Web page caption snippets:
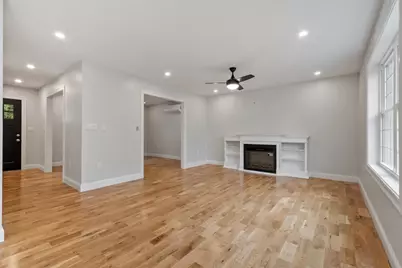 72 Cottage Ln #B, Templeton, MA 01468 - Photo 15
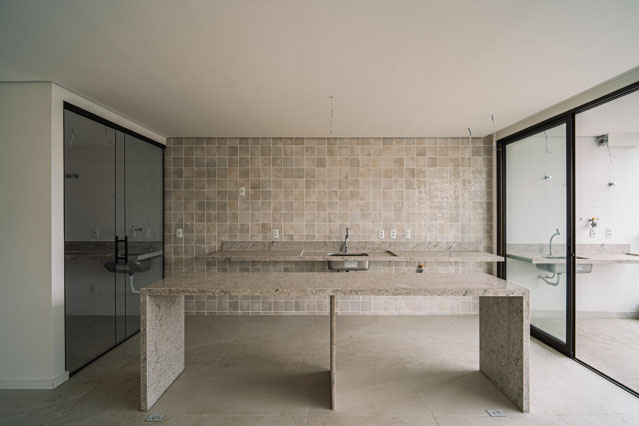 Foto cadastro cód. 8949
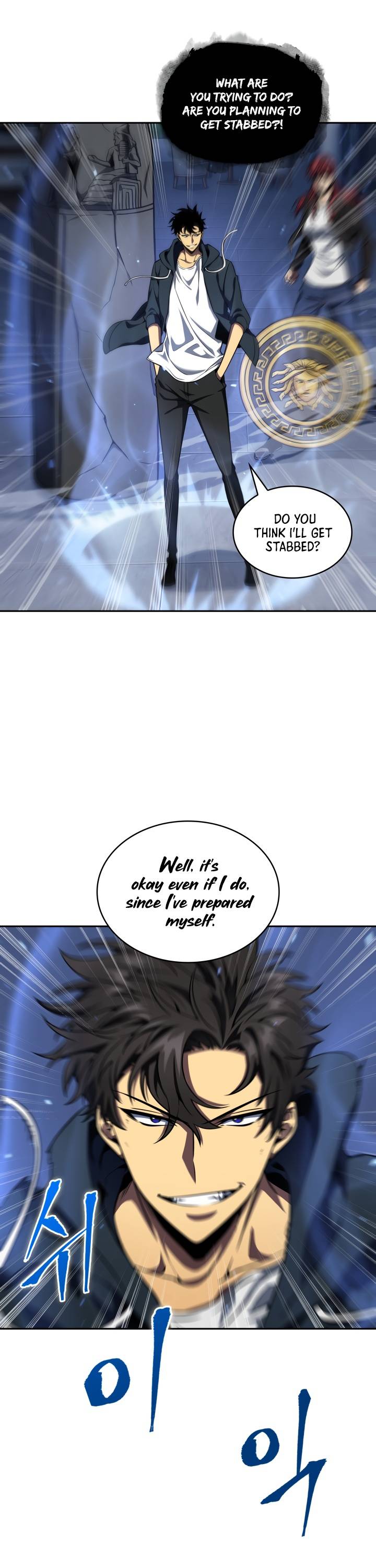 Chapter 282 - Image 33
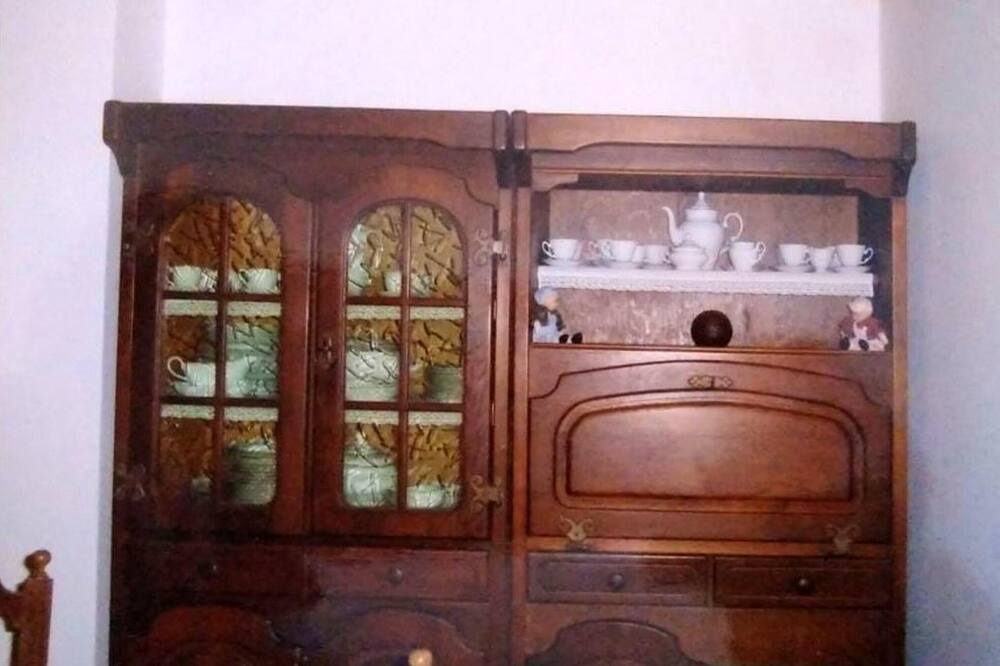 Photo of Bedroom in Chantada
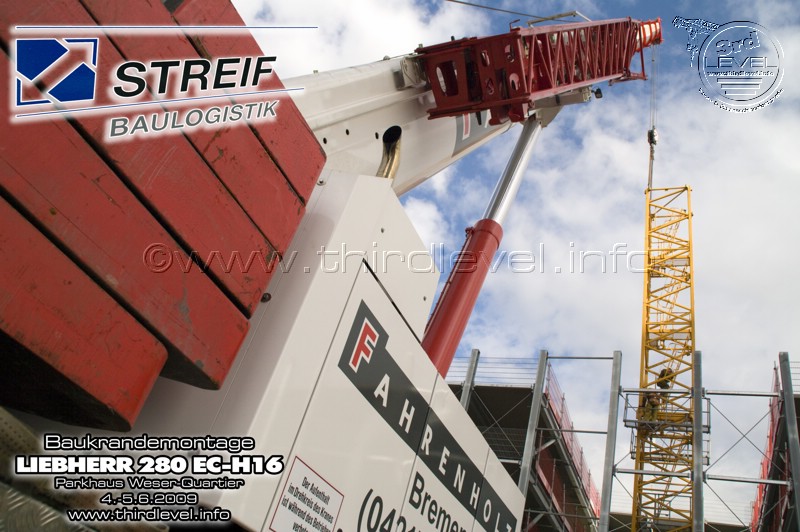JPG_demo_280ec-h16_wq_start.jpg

**TO DO**
Reproduce nothing but the lines from the line containing "Foto cadastro cód. 8949" through the last line of the data above, exactly as written and without pictures.

**FINISHED EXERCISE**
 Foto cadastro cód. 8949
 Chapter 282 - Image 33
 Photo of Bedroom in Chantada
JPG_demo_280ec-h16_wq_start.jpg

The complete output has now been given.